* [YOUR TASK]
Your response should give back each record exactly, word for word.

* [INFORMATION SUPPLIED]
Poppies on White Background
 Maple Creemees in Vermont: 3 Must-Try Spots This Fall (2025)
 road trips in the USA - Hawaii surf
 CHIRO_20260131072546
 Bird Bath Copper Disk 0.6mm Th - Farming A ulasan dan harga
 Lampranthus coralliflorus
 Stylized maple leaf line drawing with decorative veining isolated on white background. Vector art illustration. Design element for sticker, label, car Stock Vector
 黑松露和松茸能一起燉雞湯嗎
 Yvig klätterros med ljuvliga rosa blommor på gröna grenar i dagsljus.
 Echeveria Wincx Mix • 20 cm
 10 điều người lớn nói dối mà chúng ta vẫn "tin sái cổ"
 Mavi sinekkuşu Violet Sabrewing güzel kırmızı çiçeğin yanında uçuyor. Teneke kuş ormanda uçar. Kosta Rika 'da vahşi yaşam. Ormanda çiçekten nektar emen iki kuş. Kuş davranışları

* [SOLUTION BELOW]
Poppies on White Background
 Maple Creemees in Vermont: 3 Must-Try Spots This Fall (2025)
 road trips in the USA - Hawaii surf
 CHIRO_20260131072546
 Bird Bath Copper Disk 0.6mm Th - Farming A ulasan dan harga
 Lampranthus coralliflorus
 Stylized maple leaf line drawing with decorative veining isolated on white background. Vector art illustration. Design element for sticker, label, car Stock Vector
 黑松露和松茸能一起燉雞湯嗎
 Yvig klätterros med ljuvliga rosa blommor på gröna grenar i dagsljus.
 Echeveria Wincx Mix • 20 cm
 10 điều người lớn nói dối mà chúng ta vẫn "tin sái cổ"
 Mavi sinekkuşu Violet Sabrewing güzel kırmızı çiçeğin yanında uçuyor. Teneke kuş ormanda uçar. Kosta Rika 'da vahşi yaşam. Ormanda çiçekten nektar emen iki kuş. Kuş davranışları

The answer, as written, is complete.